John Tavener

No. 27
- Positions: Center, linebacker

Personal information
- Born: January 10, 1921 Newark, Ohio, U.S.
- Died: September 19, 1993 (aged 72) Johnstown, Ohio, U.S.
- Listed height: 6 ft 0 in (1.83 m)
- Listed weight: 225 lb (102 kg)

Career information
- High school: Johnstown
- College: Indiana (1941-1944)
- NFL draft: 1944: 4th round, 28th overall pick

Career history
- Miami Seahawks (1946);

Awards and highlights
- Consensus All-American (1944); First-team All-Big Ten (1944); Second-team All-Big Ten (1943);

Career AAFC statistics
- Games played: 3
- Games started: 1
- Stats at Pro Football Reference
- College Football Hall of Fame

= John Tavener (American football) =

American football player (1921–1993)

John Harold Tavener (January 10, 1921 – September 19, 1993) was an American gridiron football player, best known for his collegiate career with the Indiana Hoosiers. He was inducted to the College Football Hall of Fame in December 1990.

==Biography==
Tavener was born in January 1921 in Newark, Ohio. He was a spring 1940 graduate of Granville High School in nearby Granville, Ohio, where he played baseball, basketball, and football. He then attended Indiana University, where he played freshman football during the fall 1940 season. He was a member of the varsity Hoosiers football team beginning in 1941, playing as a center, calling the team's offensive signals and kicking extra points. On defense, he played as a tackle.

In April 1944, Tavener was selected by the Chicago Cardinals in the fourth round of the 1944 NFL draft, with the 28th overall pick. However, after first accepting a role as line coach for the Denison University football team in Granville, he decided early in September 1944 to return to Indiana for an additional college season, rather that coaching at Denison or playing professionally in the National Football League (NFL). By playing an extra season, he became the first Indiana player to be awarded four varsity letters in a single sport.
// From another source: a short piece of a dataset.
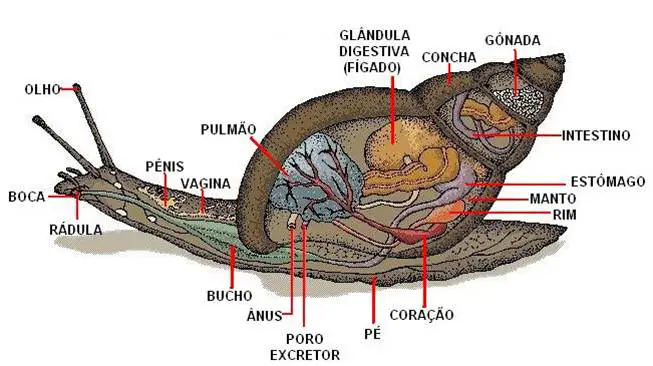 Morfologia dos Gastropodes 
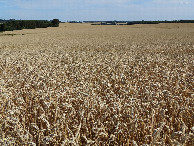 #9: Field With Crop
Tavener served as team captain of the 1943 and 1944 Hoosier squads, and was a consensus selection to the 1944 College Football All-America Team. He was not accepted to military service during World War II, due to a concussion he suffered during the 1942 season.

Tavener played in several all-star games of the era. Following the 1943 season, he played in the 1944 edition of the East–West Shrine Game, held on January 1 in San Francisco, kicking an extra point for the East. In August 1944, he played in the Chicago College All-Star Game, on a college team that lost by three point to the Chicago Bears—he scored a touchdown when his quarterback fumbled at the goal line and Tavener recovered the ball in the end zone. He was also selected to play in the 1945 edition of the game, but had to withdraw after breaking his hand in practice. He did participate in the 1946 edition of the game as a substitute, on loan from his professional team at the time. Tavener played in the Blue–Gray Football Classic following the 1944 season, contested in December in Montgomery, Alabama, kicking an extra point for the North. He was also selected to play in the 1945 Blue–Gray game, but was dropped upon signing a professional contract.

In 1945, Tavener returned to his high school as the head football coach. Late in December 1945, Tavener signed a contract with the Miami Seahawks of the All-America Football Conference. Due to injury, he was limited to three games with the 1946 Miami Seahawks. In December 1946, he was part of a multi-player trade with the league's Brooklyn Dodgers, but there is no indication that he played for them.

Tavener went on to work for Banc Ohio Corporation for 38 years, retiring as a vice president. He was honored as an inductee to the athletic hall of fame at his high school in 1987–88, was inducted to the athletic hall of fame at Indiana University in 1990, and was inducted to the College Football Hall of Fame in 1990.

Tavener died in September 1993 at Grant Medical Center in Columbus, Ohio. He was survived by his wife, Lucy Tavener née Ashbrook, and by three sons and a daughter.